## Provided information
====================

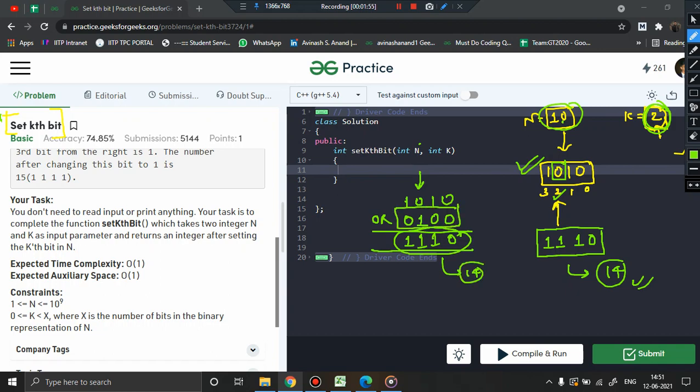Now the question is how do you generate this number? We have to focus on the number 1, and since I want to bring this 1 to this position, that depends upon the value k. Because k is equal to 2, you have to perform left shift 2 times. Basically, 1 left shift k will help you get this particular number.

====================

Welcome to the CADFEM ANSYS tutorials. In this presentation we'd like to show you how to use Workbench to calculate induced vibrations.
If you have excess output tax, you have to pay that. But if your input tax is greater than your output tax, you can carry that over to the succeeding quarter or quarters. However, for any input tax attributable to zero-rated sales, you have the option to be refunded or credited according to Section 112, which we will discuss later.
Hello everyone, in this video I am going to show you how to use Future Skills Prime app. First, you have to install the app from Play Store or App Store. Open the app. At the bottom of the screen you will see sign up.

====================

## What is required
Above are the entries. Output exactly the lines beginning with the line that has "Welcome to the" and ending with the line that has "Hello everyone, in".

## Solution for this problem
Welcome to the CADFEM ANSYS tutorials. In this presentation we'd like to show you how to use Workbench to calculate induced vibrations.
If you have excess output tax, you have to pay that. But if your input tax is greater than your output tax, you can carry that over to the succeeding quarter or quarters. However, for any input tax attributable to zero-rated sales, you have the option to be refunded or credited according to Section 112, which we will discuss later.
Hello everyone, in this video I am going to show you how to use Future Skills Prime app. First, you have to install the app from Play Store or App Store. Open the app. At the bottom of the screen you will see sign up.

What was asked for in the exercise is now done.